Amour©Films du Losange

Amour : le vieil homme et la mort

Critique
de Michael Haneke
127 minutes 2012

Peu de films dans l’histoire du cinéma ont porté si haut la vertu du don, de la caritas, que le dernier film de l’autrichien Michael Haneke. Après avoir exploré le large spectre des turpitudes humaines (jusqu’à son magistral Ruban blanc, Palme d’or en 2010) dans des narrations parfois alambiquées, Haneke livre une épure bouleversante à la hauteur de la simplicité de son titre.

Amour raconte l’accompagnement en fin de vie d’Anne (Emmanuelle Riva) par Georges (Jean-Louis Trintignant), vieux couple aisé et cultivé qui a consacré sa vie à la musique. Le film les saisit dans la plénitude de leur troisième âge et dans l’évidence de leur complicité. Dès l’abord, il nous enchante par le raffinement des voix et le charme des dialogues. Mais en une scène magistrale, en jouant simplement sur le son off d’un robinet qui s’écoule, Haneke parvient à instiller la tension et à faire advenir le drame. Tout se jouera dans le vase clos grand appartement, et le film ne nous épargnera rien.
La simplicité du film met en relief la formidable humanité du personnage incarné par Jean-Louis Trintignant (que l’amour pour sa compagne transcende et sublime), tout autant qu’elle manifeste la maîtrise de la mise en scène, dont chaque choix de cadre, de coupe, de changement d’axe, participe de la tension de l'ensemble. L’indifférence (Isabelle Huppert, fille littéralement « séparée » de ses parents) ou la cruauté des vivants (l’aide-soignante), l’inexorable dégradation de l’état physique et mental, le retour à l’état d’enfance que le poète Philippe Jacottet a si bien exprimé dans Leçons au programme des Terminales littéraires cette année (faisant du mourant le « faible enfançon/dans le lit de nouveau trop grand/ enfant sans le secours des pleurs ») : ces thèmes ne sont pas simplement décrits mais plutôt « projetés » au spectateur. Ils l’invitent à recueillir profondément l’émotion du film pour réfléchir à sa propre nature, comme l’annonce la mise en abîme qui nous place dès l’entame face au public d’un théâtre.

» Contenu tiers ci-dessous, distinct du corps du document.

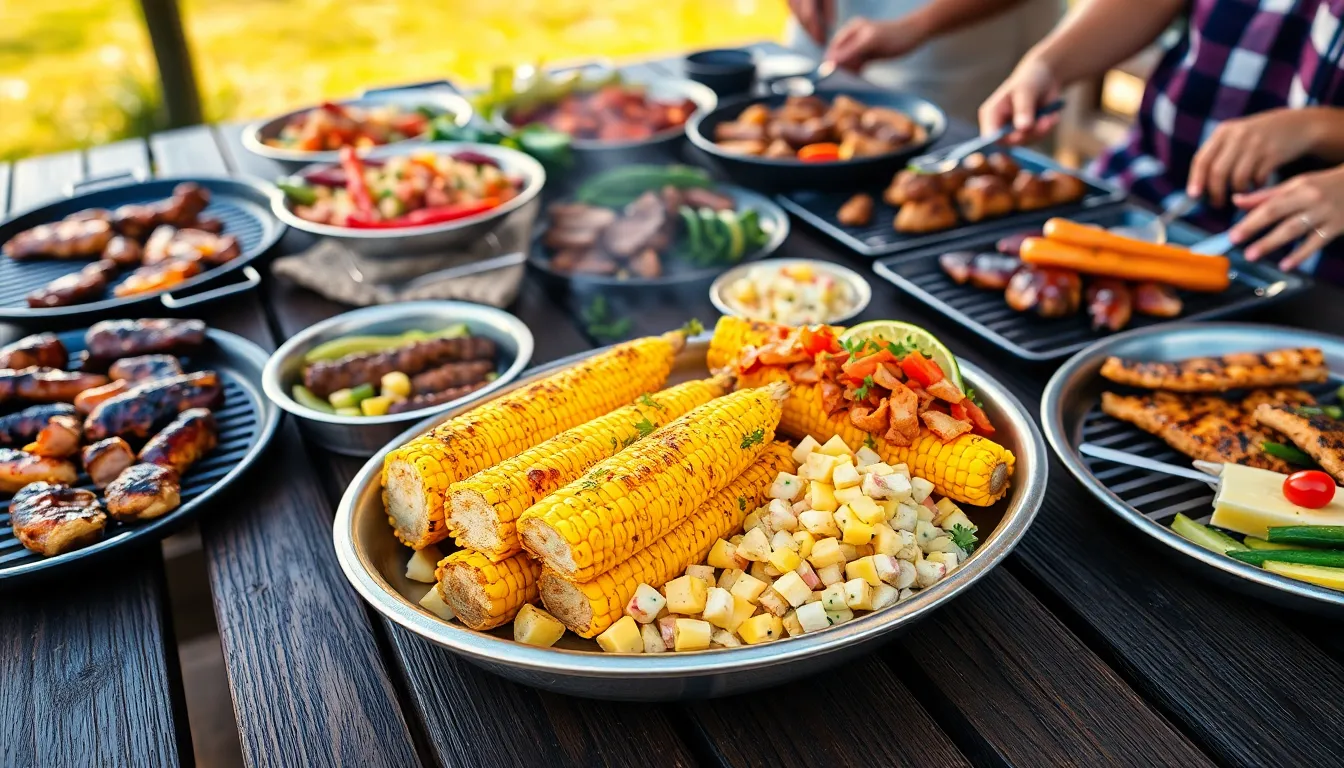12 Best Corn Side Dishes for BBQ That'll Steal the Show (Easy Recipes!) 18 12 Best Corn Side Dishes for BBQ That'll Steal the Show (Easy Recipes!) 17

Entré par une brutale effraction dans l’intimité de ce vieux couple (les pompiers qui découvrent le corps sans vie d’Emmanuelle Riva), le spectateur en ressortira « accompagné » par le spectre d’Anne, venu chercher Georges pour la rejoindre.  C’est le dernier miracle du film, qui en conjugant l’art (la musique de Schubert, mais aussi la peinture) et la simplicité poétique du quotidien (Anne qui fait la vaisselle) nous aura accompagnes dans les coulisses du Sermon sur la mort de Bossuet.